Incorporation of Adeno-Associated Virus Encoding Vascular Endothelial Growth Factor into a Biodegradable Elastomeric Scaffold for Improved Function in the Ischemic Rat Heart.

Abstract

Ischemic heart disease morbidity and mortality ensue as the ventricle remodels, and cardiac function is lost following myocardial infarction. Previous studies have shown that applying a biodegradable, elastic epicardial patch onto the ischemic cardiac wall preserves the cardiac function and alters the remodeling process. In this report, the capacity to deliver a recombinant adeno-associated virus (AAV) encoding human vascular endothelial growth factor (VEGF) was evaluated to determine if it would provide benefit beyond a patch alone. Coaxial electrospinning of a poly(ether ester urethane) urea generated microfibrous patches with fibers loaded in their core with VEGF-AAV in poly(ethylene oxide) or vehicle alone. In a rat infarction model, epicardial patches were placed 3 days post-infarction.
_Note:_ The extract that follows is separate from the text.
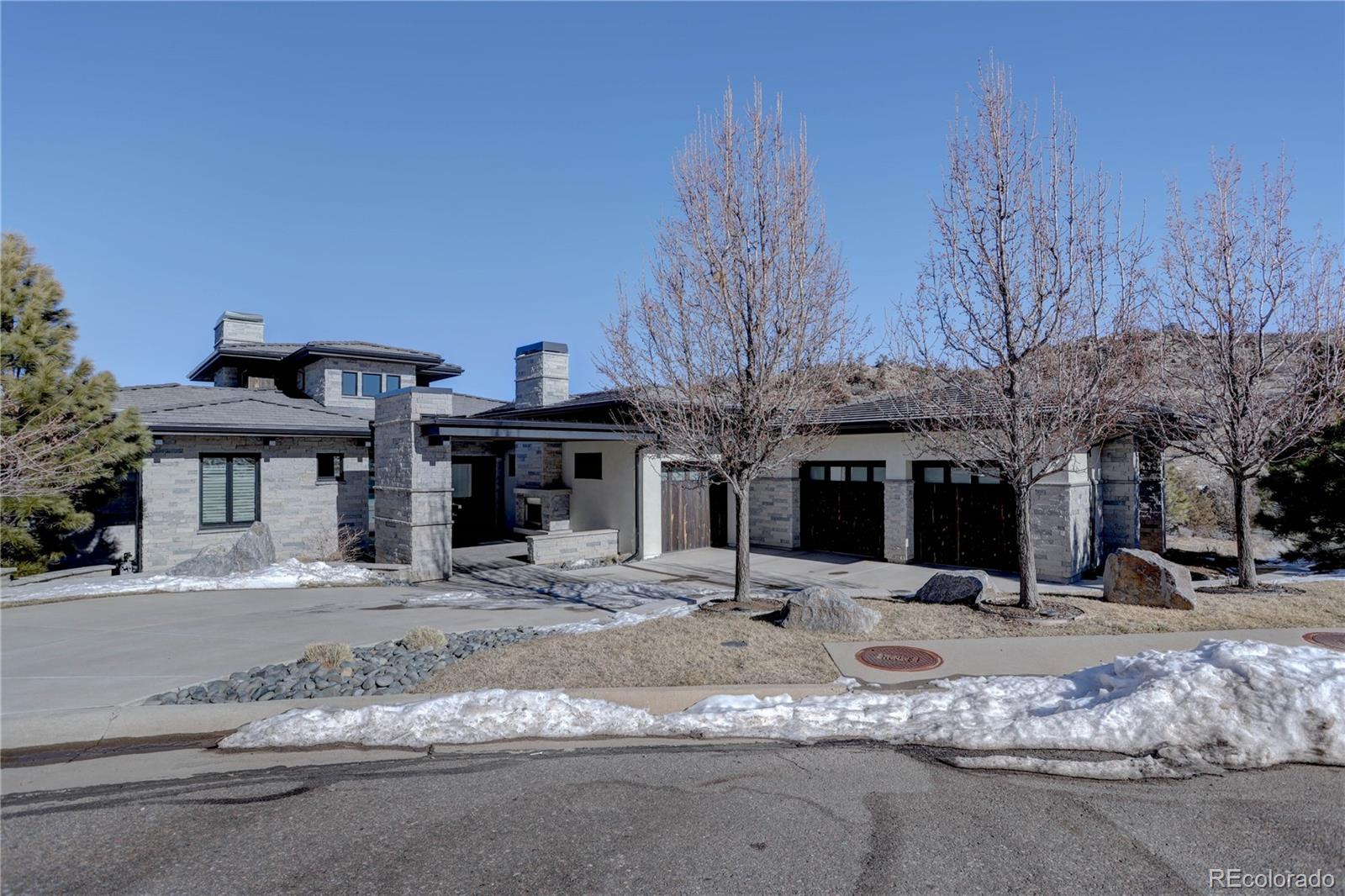 MLS Image #3 for 10541  leonardo place,littleton, Colorado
Over an 8 week period following the intervention, end-diastolic area was lower and ejection fraction greater in the patch-VEGF group compared with the control patch and sham surgery groups. There was also a greater number of α-SMA-positive cells, blood vessels, and positive immunostaining for VEGF in the patch-VEGF group compared with groups having patches lacking VEGF. The approach of combining mechanical (patch) and biofunctional (controlled release angiogenic therapy) support through a scaffold-based gene vector transfer approach may be an effective option for dealing with the adverse ventricular wall remodeling that leads to end-stage cardiomyopathy.